The total of 1.02 billion pounds triples the amount recycled in 2007 when the industry began tracking rigid plastics recycling, according the latest study by Moore Recycling Associates Inc., Sonoma, Calif.
The report said the increase of 82 million pounds from 2011 occurred because of the growth in plastics collection beyond bottles from municipalities in the United States, according to a news release.
“Tripling the recycling rate for rigid plastics in just six years is an amazing accomplishment,” said Steve Alexander, executive director of the Association of Postconsumer Plastics Recyclers (APR). “In a short period of time, rigids have become the fastest growing category of plastics recycling, and we’re excited about the future.”
About 57 percent of the rigid plastics collected was processed in the United States and Canada. The remainder was exported, primarily to China. Recycling statistics in 2012 were not affected by China’s Green Fence policy, which began in February 2013.
Polypropylene and polyethylene plastics comprise the largest portion (72 percent) of postconsumer rigid plastics collected in the United States.

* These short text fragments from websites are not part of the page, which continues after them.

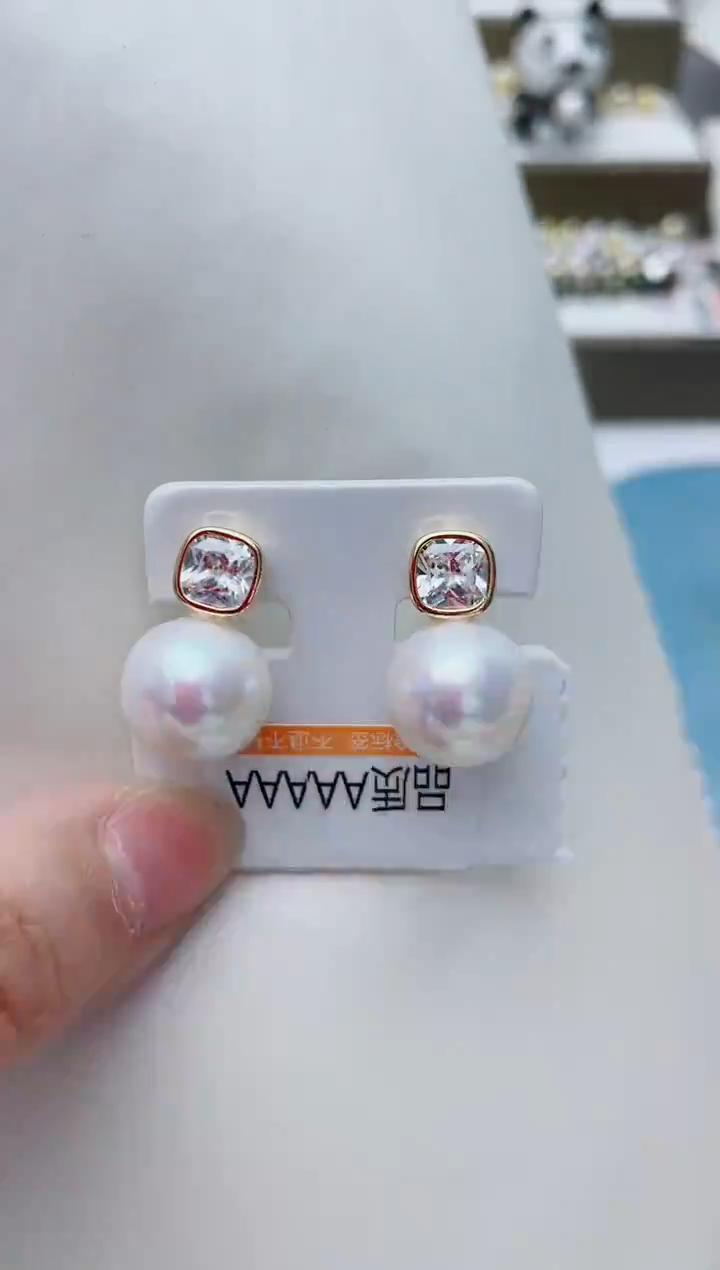 【闪购商品】淡水珍珠耳饰银S925镶嵌A182
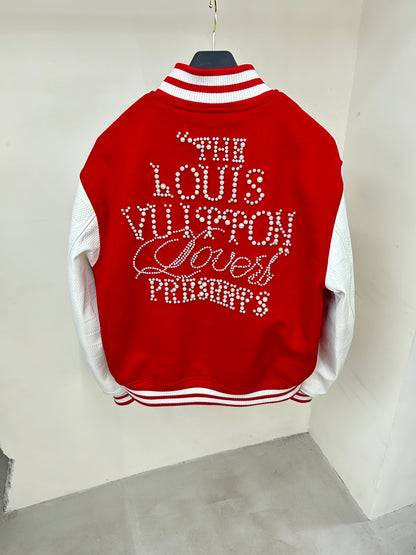 Lv Pharel Mix Leather Varsity Blouson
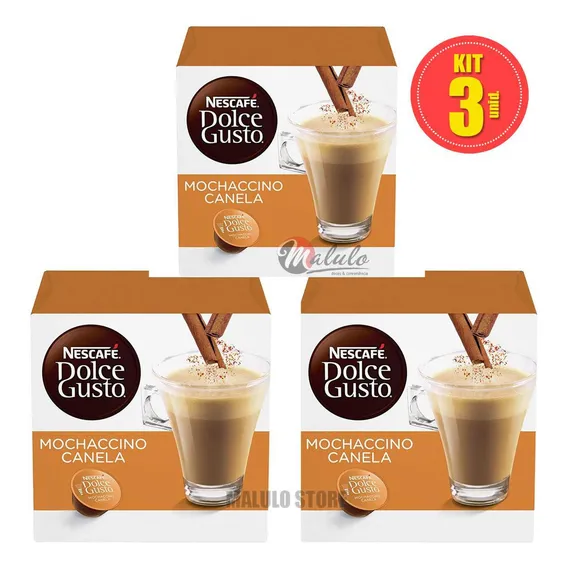 Cápsulas Dolce Gusto Mochaccino Com Canela Kit 3 Caixas Foto 1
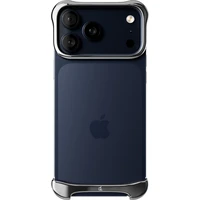 Arc Pulse hliníkový ochranný rám iPhone 17 Pro Max strieborný - Puzdra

Polypropylene accounted for 38 percent of all rigid plastics recycled and high-density polyethylene (HDPE) 34 percent.
“We are thrilled to see this kind of growth in rigid plastics recycling,” said Steve Russell, vice president of plastics for the American Chemistry Council.
A separate Moore Recycling report stated that more than 60 percent of Americans have local access to a recycling program that collects rigid plastics.